RECORDS PROVIDED =>
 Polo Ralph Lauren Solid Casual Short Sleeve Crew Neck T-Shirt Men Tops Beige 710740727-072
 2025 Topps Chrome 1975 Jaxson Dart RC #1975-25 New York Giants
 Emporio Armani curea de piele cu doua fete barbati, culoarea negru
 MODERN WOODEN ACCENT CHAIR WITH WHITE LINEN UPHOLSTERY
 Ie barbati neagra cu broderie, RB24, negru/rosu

...

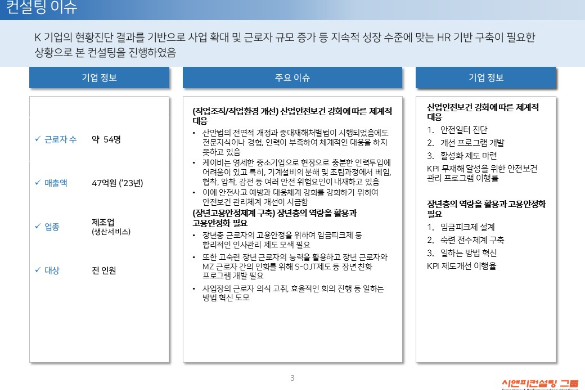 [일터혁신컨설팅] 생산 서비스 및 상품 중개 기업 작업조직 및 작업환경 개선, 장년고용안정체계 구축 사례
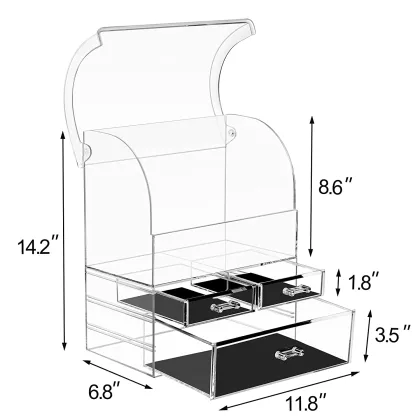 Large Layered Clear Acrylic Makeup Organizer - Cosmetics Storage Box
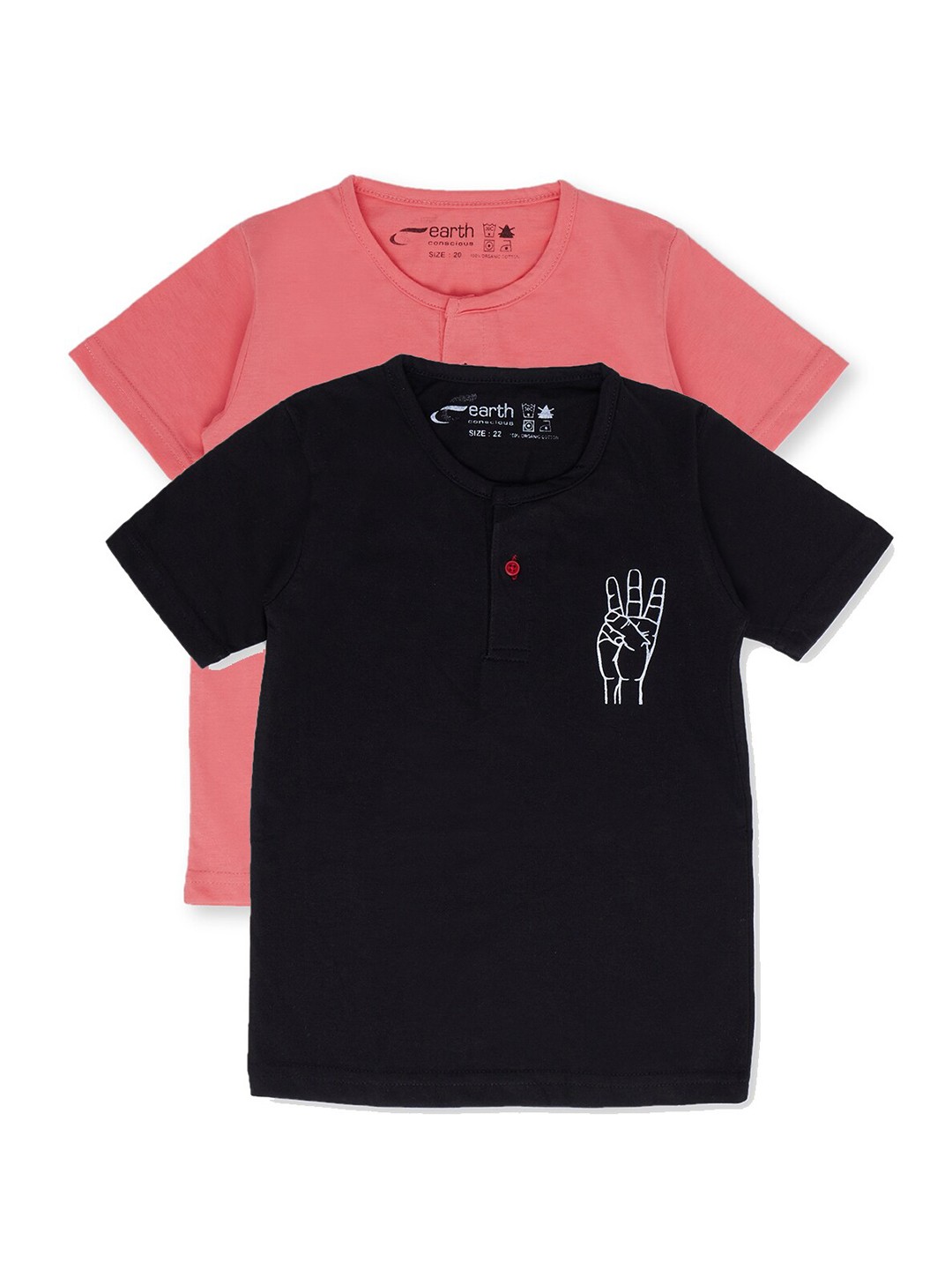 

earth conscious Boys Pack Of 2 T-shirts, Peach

ACTIVITY => From the records above, extract exactly and only the lines that begin at the line with "Emporio Armani curea" and stop after the line with "Ie barbati neagra".

RESULT OF THE EXERCISE =>
 Emporio Armani curea de piele cu doua fete barbati, culoarea negru
 MODERN WOODEN ACCENT CHAIR WITH WHITE LINEN UPHOLSTERY
 Ie barbati neagra cu broderie, RB24, negru/rosu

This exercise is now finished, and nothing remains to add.